Cette petite berline pour le moins classique existe dans la gamme du constructeur depuis 1973, mais n’a jamais été diffusée chez nous.

La première génération de Lancer est restée hors de nos frontières.


Classique, avec sa transmission aux roues arrières, elle s’était déjà faite une excellente réputation en triomphant lors du Safari Rallye Kenyan de 1976, où les Lancer vont s’octroyer tout simplement les trois premières places au général !

Victoire éclatante de la marque au Safari 1976, l’Afrique sera la terre d’élection des robustes berlines Nippones en compétition.


Une deuxième génération est donc présentée, et si la disposition mécanique est inchangée la carrosserie et l’intérieur sont entièrement revus.

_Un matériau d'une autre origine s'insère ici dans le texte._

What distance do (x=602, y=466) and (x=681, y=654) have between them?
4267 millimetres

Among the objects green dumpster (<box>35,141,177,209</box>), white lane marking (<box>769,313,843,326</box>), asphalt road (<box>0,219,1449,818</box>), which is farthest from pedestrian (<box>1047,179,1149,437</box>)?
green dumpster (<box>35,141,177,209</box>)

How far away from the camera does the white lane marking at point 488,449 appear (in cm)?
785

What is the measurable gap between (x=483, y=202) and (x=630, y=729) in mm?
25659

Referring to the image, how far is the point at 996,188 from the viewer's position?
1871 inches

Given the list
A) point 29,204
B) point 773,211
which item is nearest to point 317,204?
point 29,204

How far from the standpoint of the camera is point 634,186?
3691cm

L’importation en France de cet opus commence à la fin du premier semestre 1980 avec une motorisation unique : 1597cm3, 82ch, arbre à cames en tête, et boite à cinq rapports (ou automatique sur demande), le tout pour 38 000 Francs.

Clairement la Lancer est déjà une auto intéressante si on la compare à la concurrence française de même catégorie : La Peugeot 305 SR n’a que 74ch sous son capot assistés d’une boite à quatre rapports en l’échange d’un chèque de 42 000 Francs, et la Renault 18 GTS, si elle possède effectivement cinq vitesses, doit se contenter des 79ch de son 1600cm3, et elle dépasse déjà allègrement les 45 000 Frs.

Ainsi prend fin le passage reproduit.